Brief descriptive captions

>>>>

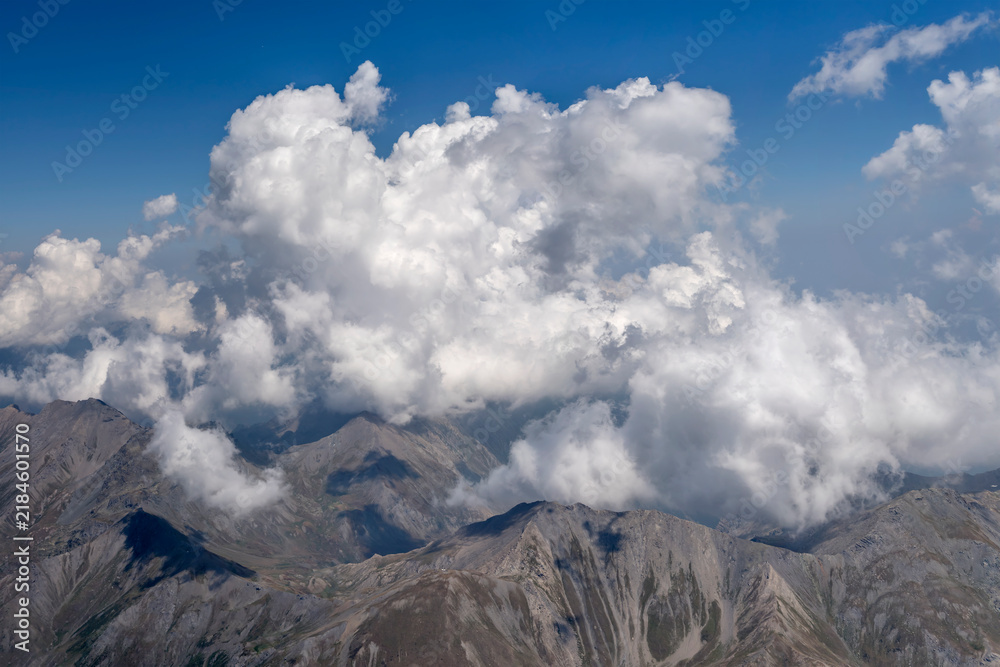 Obraz premium convergence clouds on barren Chisone valley mountains aerial, Italy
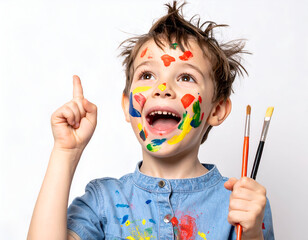 Joyful boy covered in colorful paint, holding brushes, pointing up with an idea. Young artist's creative moment and bright expression.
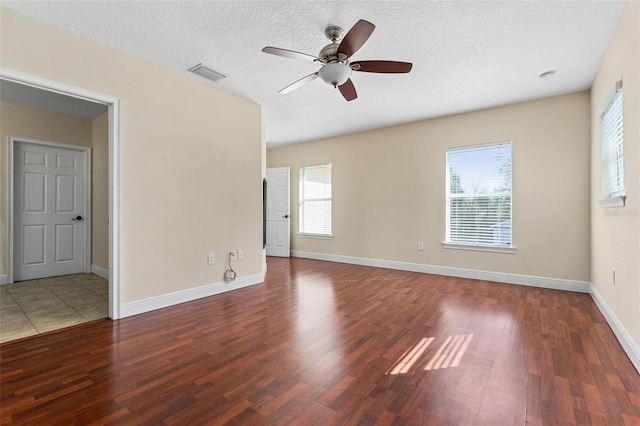 unfurnished room featuring a textured ceiling, wood finished floors, a ceiling fan, visible vents, and baseboards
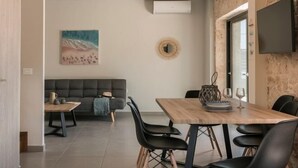 Een moderne woonkamer met een bank, een eettafel met stoelen en een aan de muur bevestigde televisie.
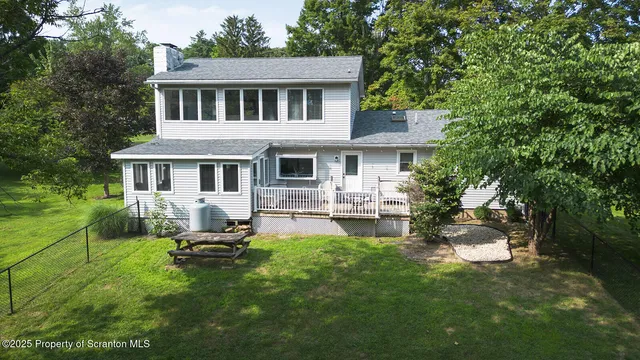 an aerial view of a house with a yard and lake view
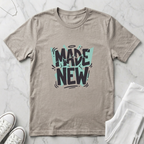 Heather Dust Bella + Canvas 3001 Christian graphic t-shirt featuring bold “Made New” typography with modern hand-drawn accents and teal geometric background elements. 'Made new' shirt, Christian graphic tee, Christian shirt women, faith based apparel, Christian boutique clothing. Shirt made by Eternal Thread Apparel.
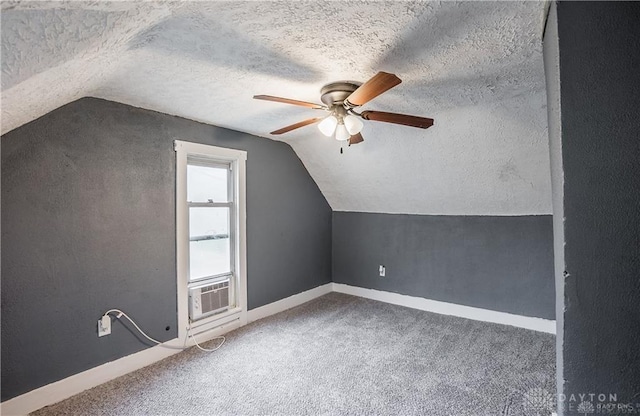 additional living space featuring lofted ceiling, carpet flooring, cooling unit, ceiling fan, and a textured ceiling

<<<<

## Task objective
Output each record above exactly as written. Skip any pictures.

## Problem solution
 Obraz premium convergence clouds on barren Chisone valley mountains aerial, Italy
 Joyful boy covered in colorful paint, holding brushes, pointing up with an idea. Young artist's creative moment and bright expression.
 unfurnished room featuring a textured ceiling, wood finished floors, a ceiling fan, visible vents, and baseboards
 Een moderne woonkamer met een bank, een eettafel met stoelen en een aan de muur bevestigde televisie.
 an aerial view of a house with a yard and lake view
 Heather Dust Bella + Canvas 3001 Christian graphic t-shirt featuring bold “Made New” typography with modern hand-drawn accents and teal geometric background elements. 'Made new' shirt, Christian graphic tee, Christian shirt women, faith based apparel, Christian boutique clothing. Shirt made by Eternal Thread Apparel.
 additional living space featuring lofted ceiling, carpet flooring, cooling unit, ceiling fan, and a textured ceiling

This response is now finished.